[[ Exercise inputs, beginning ]]
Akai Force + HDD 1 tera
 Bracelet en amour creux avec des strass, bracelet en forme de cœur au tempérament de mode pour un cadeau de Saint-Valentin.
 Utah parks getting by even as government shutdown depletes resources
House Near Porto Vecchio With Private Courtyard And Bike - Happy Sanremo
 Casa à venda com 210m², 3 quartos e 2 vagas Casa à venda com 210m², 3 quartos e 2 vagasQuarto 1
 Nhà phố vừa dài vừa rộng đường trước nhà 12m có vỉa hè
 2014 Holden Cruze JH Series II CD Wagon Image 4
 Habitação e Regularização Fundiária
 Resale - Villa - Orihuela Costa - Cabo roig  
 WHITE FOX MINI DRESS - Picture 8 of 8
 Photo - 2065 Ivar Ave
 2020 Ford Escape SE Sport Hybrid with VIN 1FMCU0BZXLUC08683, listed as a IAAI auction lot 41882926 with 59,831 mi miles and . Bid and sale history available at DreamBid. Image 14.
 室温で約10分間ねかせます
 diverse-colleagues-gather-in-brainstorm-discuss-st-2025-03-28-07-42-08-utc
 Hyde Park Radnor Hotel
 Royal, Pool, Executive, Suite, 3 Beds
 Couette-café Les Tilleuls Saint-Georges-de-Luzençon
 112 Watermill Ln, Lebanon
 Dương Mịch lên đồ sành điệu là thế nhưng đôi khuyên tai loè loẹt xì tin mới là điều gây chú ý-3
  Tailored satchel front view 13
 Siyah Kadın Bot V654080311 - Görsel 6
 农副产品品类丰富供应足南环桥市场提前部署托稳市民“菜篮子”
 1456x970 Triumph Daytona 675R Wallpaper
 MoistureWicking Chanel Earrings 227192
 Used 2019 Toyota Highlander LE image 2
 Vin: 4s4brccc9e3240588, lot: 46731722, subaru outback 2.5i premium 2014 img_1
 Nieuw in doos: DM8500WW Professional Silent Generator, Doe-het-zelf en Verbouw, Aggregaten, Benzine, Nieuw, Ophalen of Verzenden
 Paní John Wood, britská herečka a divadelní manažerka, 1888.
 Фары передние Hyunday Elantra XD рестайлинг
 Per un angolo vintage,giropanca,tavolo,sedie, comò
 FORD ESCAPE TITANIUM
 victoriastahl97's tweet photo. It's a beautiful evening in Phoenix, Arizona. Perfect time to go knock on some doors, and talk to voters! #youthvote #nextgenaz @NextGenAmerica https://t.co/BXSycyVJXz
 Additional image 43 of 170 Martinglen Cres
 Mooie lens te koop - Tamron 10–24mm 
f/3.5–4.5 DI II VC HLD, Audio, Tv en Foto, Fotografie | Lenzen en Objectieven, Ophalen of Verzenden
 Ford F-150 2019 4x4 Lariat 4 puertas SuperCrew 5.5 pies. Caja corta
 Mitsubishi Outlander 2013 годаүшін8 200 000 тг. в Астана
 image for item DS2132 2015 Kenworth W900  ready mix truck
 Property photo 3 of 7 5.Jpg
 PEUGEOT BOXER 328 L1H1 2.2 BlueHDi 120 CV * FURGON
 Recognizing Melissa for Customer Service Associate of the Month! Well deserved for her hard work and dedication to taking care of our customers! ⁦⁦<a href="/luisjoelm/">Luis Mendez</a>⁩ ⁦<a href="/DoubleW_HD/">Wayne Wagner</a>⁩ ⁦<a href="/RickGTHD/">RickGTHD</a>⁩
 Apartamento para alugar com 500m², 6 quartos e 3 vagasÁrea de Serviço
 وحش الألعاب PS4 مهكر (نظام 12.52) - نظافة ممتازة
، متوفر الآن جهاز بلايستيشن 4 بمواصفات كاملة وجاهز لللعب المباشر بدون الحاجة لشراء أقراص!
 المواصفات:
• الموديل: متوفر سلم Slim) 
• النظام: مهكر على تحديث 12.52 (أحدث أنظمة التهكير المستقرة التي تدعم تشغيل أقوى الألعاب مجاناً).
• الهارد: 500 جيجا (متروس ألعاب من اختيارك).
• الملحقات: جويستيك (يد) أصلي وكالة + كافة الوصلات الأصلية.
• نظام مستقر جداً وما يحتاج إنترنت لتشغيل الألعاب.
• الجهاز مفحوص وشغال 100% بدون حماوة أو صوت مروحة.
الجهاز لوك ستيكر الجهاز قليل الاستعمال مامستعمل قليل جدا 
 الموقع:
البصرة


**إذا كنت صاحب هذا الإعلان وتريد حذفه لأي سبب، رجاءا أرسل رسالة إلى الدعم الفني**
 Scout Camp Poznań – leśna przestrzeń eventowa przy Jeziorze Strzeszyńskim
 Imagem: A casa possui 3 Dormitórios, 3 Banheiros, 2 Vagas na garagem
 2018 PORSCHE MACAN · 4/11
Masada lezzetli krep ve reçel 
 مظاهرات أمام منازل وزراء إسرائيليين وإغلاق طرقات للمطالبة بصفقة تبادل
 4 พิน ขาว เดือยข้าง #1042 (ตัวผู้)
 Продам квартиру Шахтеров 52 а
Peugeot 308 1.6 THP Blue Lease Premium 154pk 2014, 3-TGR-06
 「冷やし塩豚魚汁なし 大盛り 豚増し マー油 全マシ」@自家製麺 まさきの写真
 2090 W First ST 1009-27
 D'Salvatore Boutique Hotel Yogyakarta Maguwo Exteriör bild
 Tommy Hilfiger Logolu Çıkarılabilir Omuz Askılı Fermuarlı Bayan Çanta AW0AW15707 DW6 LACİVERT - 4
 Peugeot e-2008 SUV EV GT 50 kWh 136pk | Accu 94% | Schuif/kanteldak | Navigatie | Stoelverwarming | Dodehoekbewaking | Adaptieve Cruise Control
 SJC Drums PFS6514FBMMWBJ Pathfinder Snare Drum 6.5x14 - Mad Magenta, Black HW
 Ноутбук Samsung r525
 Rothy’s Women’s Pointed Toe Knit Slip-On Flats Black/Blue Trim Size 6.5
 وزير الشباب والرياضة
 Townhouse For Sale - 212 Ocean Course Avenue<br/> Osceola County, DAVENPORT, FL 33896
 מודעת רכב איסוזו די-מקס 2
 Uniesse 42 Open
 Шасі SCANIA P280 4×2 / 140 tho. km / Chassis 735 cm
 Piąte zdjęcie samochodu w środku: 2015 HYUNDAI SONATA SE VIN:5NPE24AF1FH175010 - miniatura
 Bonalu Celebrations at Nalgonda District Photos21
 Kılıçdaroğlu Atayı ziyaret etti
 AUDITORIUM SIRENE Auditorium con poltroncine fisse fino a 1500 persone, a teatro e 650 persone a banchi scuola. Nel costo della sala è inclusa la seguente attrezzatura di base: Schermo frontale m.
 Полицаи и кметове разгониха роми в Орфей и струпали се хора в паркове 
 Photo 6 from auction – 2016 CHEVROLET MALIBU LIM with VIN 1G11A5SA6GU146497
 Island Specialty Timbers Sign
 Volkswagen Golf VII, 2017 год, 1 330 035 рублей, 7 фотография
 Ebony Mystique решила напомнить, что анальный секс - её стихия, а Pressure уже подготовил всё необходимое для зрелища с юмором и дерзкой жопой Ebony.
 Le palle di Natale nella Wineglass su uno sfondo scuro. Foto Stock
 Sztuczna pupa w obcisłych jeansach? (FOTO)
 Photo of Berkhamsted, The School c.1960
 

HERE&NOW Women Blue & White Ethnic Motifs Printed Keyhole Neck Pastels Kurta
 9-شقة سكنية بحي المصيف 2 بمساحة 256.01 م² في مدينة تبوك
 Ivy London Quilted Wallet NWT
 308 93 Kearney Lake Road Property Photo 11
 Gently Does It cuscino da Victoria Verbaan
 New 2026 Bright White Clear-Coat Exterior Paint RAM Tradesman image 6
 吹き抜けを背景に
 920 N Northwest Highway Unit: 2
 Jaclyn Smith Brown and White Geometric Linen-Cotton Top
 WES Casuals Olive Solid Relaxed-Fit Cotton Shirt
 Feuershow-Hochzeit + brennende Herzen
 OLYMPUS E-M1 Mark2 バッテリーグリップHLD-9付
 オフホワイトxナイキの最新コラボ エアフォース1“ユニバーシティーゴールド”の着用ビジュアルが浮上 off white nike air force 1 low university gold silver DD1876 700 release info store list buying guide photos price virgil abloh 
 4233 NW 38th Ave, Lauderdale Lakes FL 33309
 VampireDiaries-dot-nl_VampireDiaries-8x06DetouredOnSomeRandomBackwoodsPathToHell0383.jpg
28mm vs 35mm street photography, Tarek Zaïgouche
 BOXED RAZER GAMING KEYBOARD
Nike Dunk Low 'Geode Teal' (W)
[[ Exercise inputs, end ]]
Everything from the line with "Additional image 43 of 170 Martinglen Cres" through the line with "D'Salvatore Boutique Hotel" in the listing above must be retyped exactly, with nothing added.

 Additional image 43 of 170 Martinglen Cres
 Mooie lens te koop - Tamron 10–24mm 
f/3.5–4.5 DI II VC HLD, Audio, Tv en Foto, Fotografie | Lenzen en Objectieven, Ophalen of Verzenden
 Ford F-150 2019 4x4 Lariat 4 puertas SuperCrew 5.5 pies. Caja corta
 Mitsubishi Outlander 2013 годаүшін8 200 000 тг. в Астана
 image for item DS2132 2015 Kenworth W900  ready mix truck
 Property photo 3 of 7 5.Jpg
 PEUGEOT BOXER 328 L1H1 2.2 BlueHDi 120 CV * FURGON
 Recognizing Melissa for Customer Service Associate of the Month! Well deserved for her hard work and dedication to taking care of our customers! ⁦⁦<a href="/luisjoelm/">Luis Mendez</a>⁩ ⁦<a href="/DoubleW_HD/">Wayne Wagner</a>⁩ ⁦<a href="/RickGTHD/">RickGTHD</a>⁩
 Apartamento para alugar com 500m², 6 quartos e 3 vagasÁrea de Serviço
 وحش الألعاب PS4 مهكر (نظام 12.52) - نظافة ممتازة
، متوفر الآن جهاز بلايستيشن 4 بمواصفات كاملة وجاهز لللعب المباشر بدون الحاجة لشراء أقراص!
 المواصفات:
• الموديل: متوفر سلم Slim) 
• النظام: مهكر على تحديث 12.52 (أحدث أنظمة التهكير المستقرة التي تدعم تشغيل أقوى الألعاب مجاناً).
• الهارد: 500 جيجا (متروس ألعاب من اختيارك).
• الملحقات: جويستيك (يد) أصلي وكالة + كافة الوصلات الأصلية.
• نظام مستقر جداً وما يحتاج إنترنت لتشغيل الألعاب.
• الجهاز مفحوص وشغال 100% بدون حماوة أو صوت مروحة.
الجهاز لوك ستيكر الجهاز قليل الاستعمال مامستعمل قليل جدا 
 الموقع:
البصرة


**إذا كنت صاحب هذا الإعلان وتريد حذفه لأي سبب، رجاءا أرسل رسالة إلى الدعم الفني**
 Scout Camp Poznań – leśna przestrzeń eventowa przy Jeziorze Strzeszyńskim
 Imagem: A casa possui 3 Dormitórios, 3 Banheiros, 2 Vagas na garagem
 2018 PORSCHE MACAN · 4/11
Masada lezzetli krep ve reçel 
 مظاهرات أمام منازل وزراء إسرائيليين وإغلاق طرقات للمطالبة بصفقة تبادل
 4 พิน ขาว เดือยข้าง #1042 (ตัวผู้)
 Продам квартиру Шахтеров 52 а
Peugeot 308 1.6 THP Blue Lease Premium 154pk 2014, 3-TGR-06
 「冷やし塩豚魚汁なし 大盛り 豚増し マー油 全マシ」@自家製麺 まさきの写真
 2090 W First ST 1009-27
 D'Salvatore Boutique Hotel Yogyakarta Maguwo Exteriör bild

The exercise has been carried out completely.